What the task requires: Leaving out every picture, copy the lines of the material below exactly, from the line containing "Business professional with" through the line containing "Fren Pabuç Balata".

◆ ◆ ◆ ◆ ◆ ◆ ◆

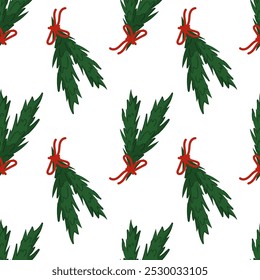 Seamless pattern of green festive branches tied with red bows in flat style. Perfect for Christmas design, holiday wrapping, greeting card, seasonal textile and festive decoration.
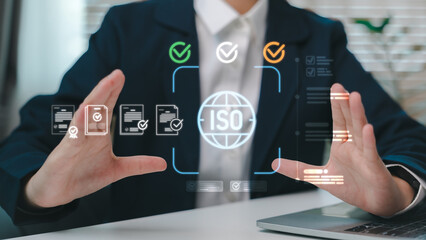 Business professional with ISO certification and quality management concept. Digital compliance, document approval, audit process and international standard for corporate governance.
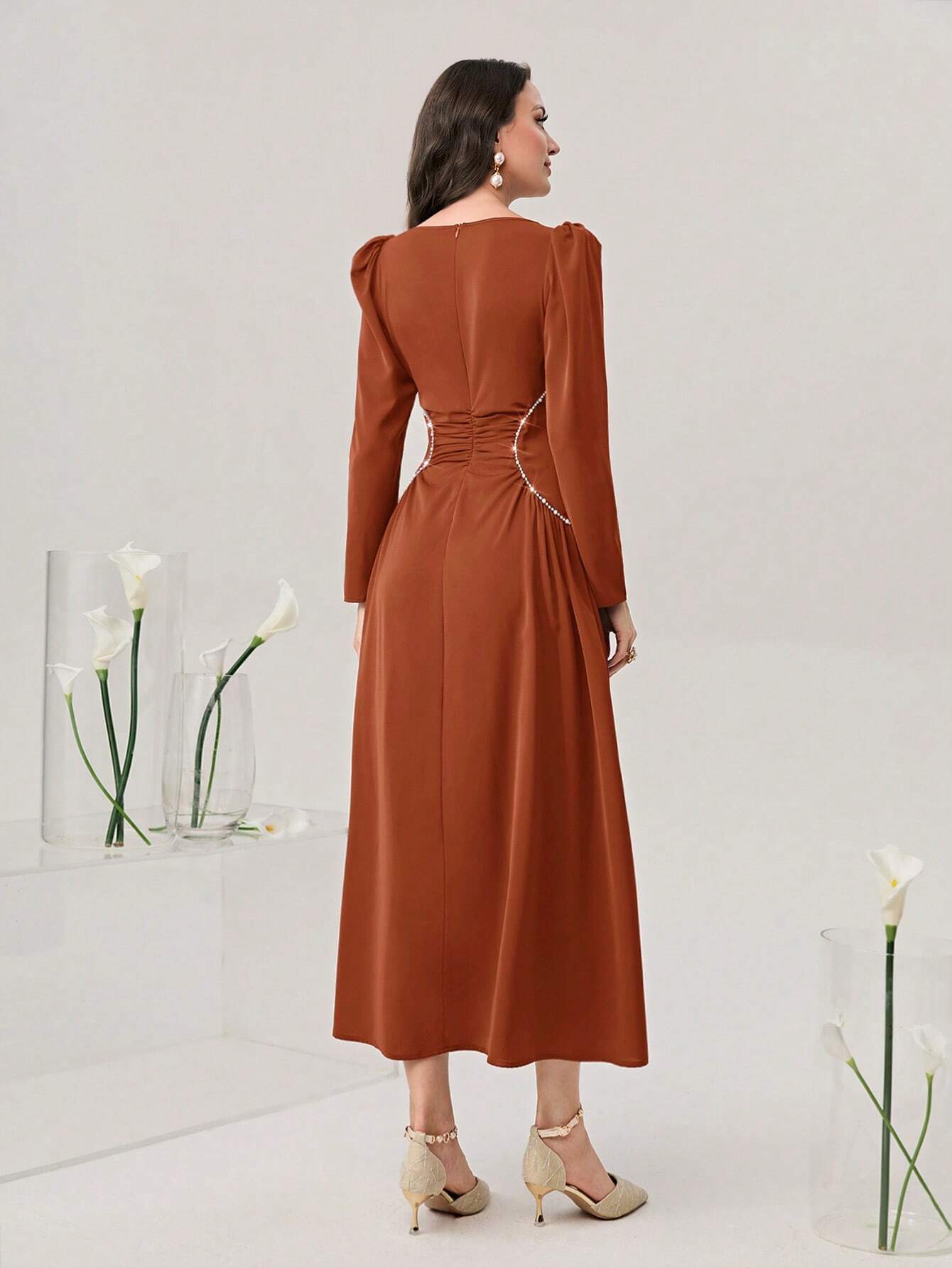 Buy SHEIN Modely Sweetheart Neck Puff Sleeve Ruched Front Formal Dress in Pakistan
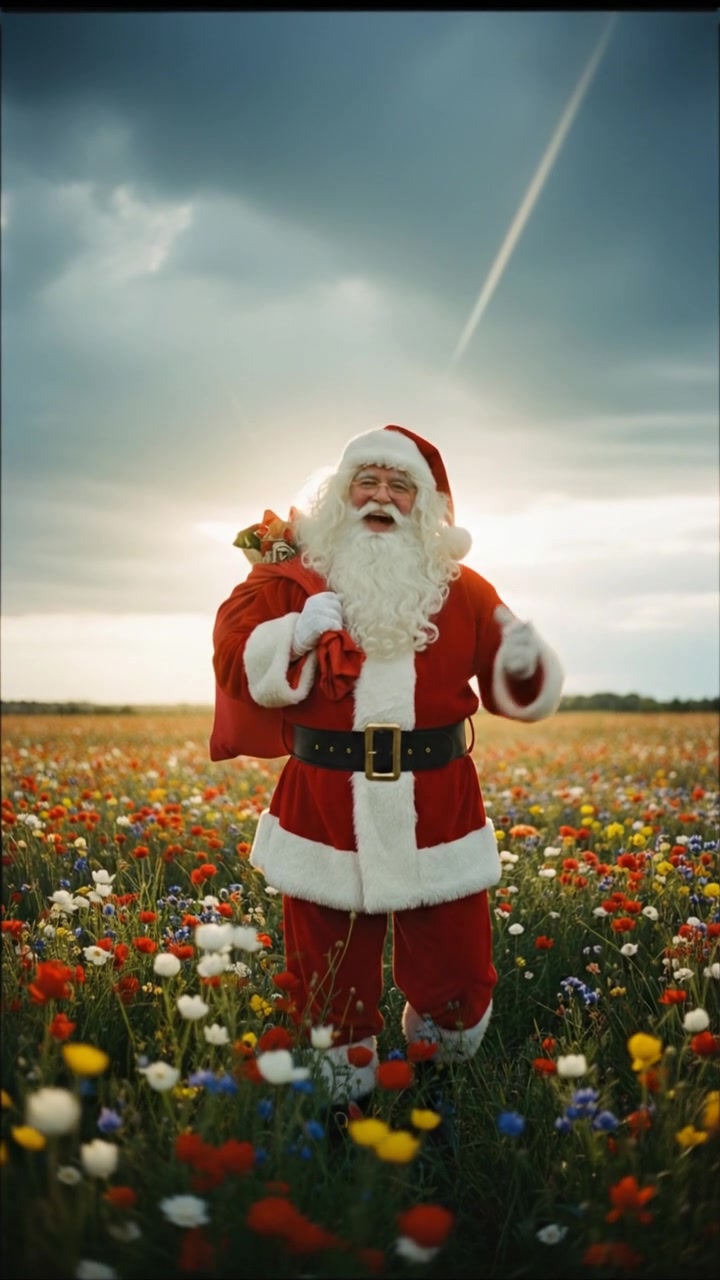 walking in a field of flowers, sunlight breaking through storm clouds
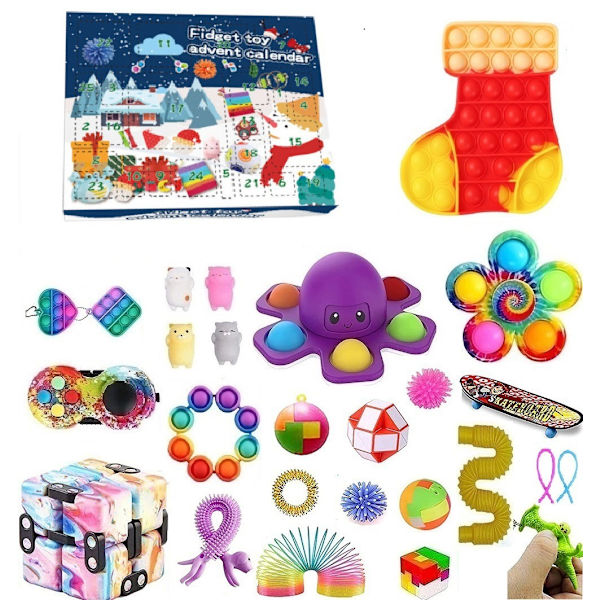 Julkalender med 24 stycken slumpmässiga kläm-leksaker i blindboxar för barn sock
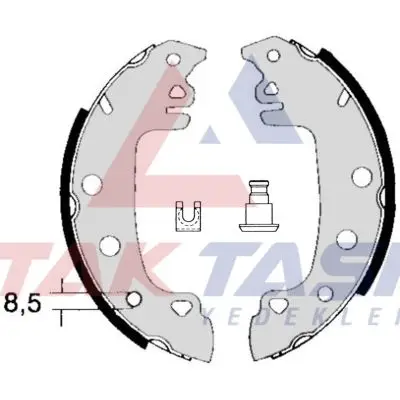 Fren Pabuç Balata Arka Fiat 131 1.3 228,6X42 mm 1979-1993 / Sahın 1.6 1993-2002 / Kartal 1.6 1993-2002 / Dogan 1.6 1993-2002 / Renault R12 1.4 1979-1993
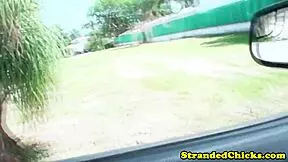 Hitchhiker blonde started jerking the driver’s dick on the road.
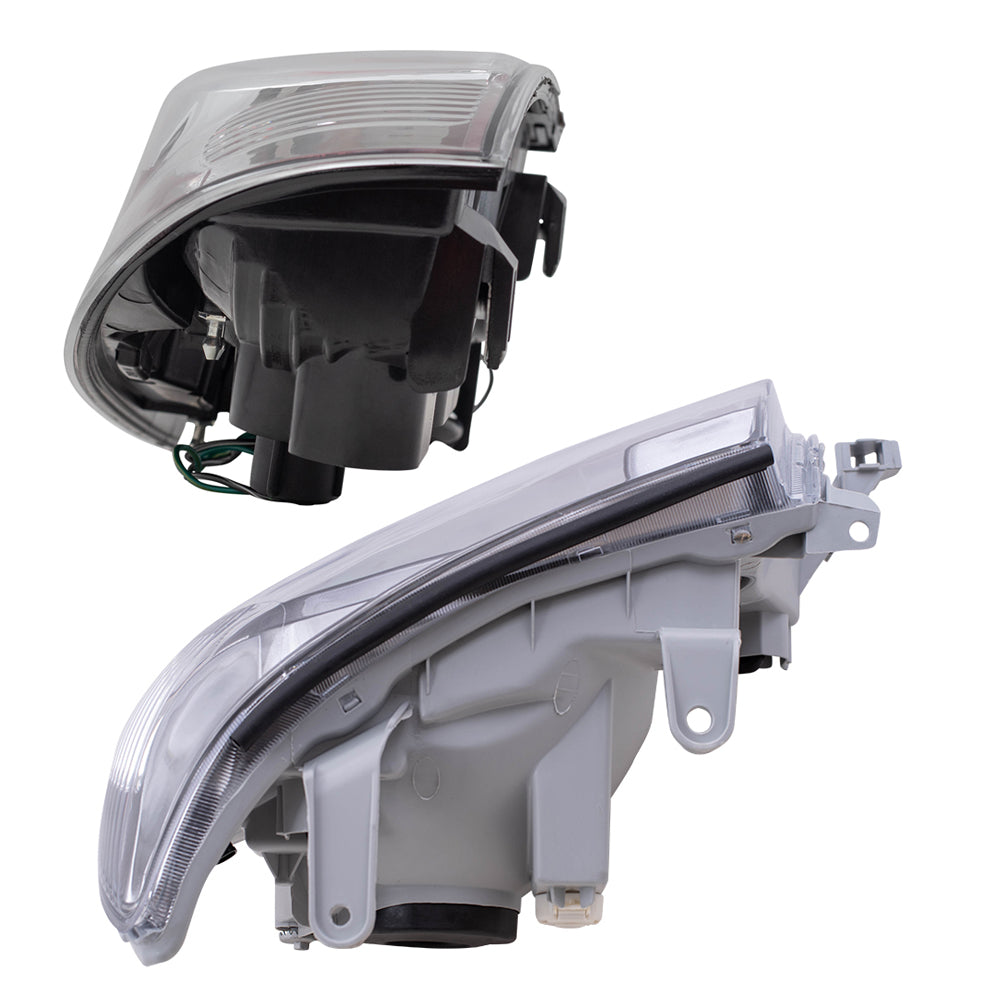 Brock Replacement Headlights Dark Chrome Bezel & Tail Lights w/ LED Center Lens Compatible with 2005-2011 Tacoma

◆ ◆ ◆ ◆ ◆ ◆ ◆

Response area:
 Business professional with ISO certification and quality management concept. Digital compliance, document approval, audit process and international standard for corporate governance.
 Buy SHEIN Modely Sweetheart Neck Puff Sleeve Ruched Front Formal Dress in Pakistan
 walking in a field of flowers, sunlight breaking through storm clouds
 Julkalender med 24 stycken slumpmässiga kläm-leksaker i blindboxar för barn sock
 Fren Pabuç Balata Arka Fiat 131 1.3 228,6X42 mm 1979-1993 / Sahın 1.6 1993-2002 / Kartal 1.6 1993-2002 / Dogan 1.6 1993-2002 / Renault R12 1.4 1979-1993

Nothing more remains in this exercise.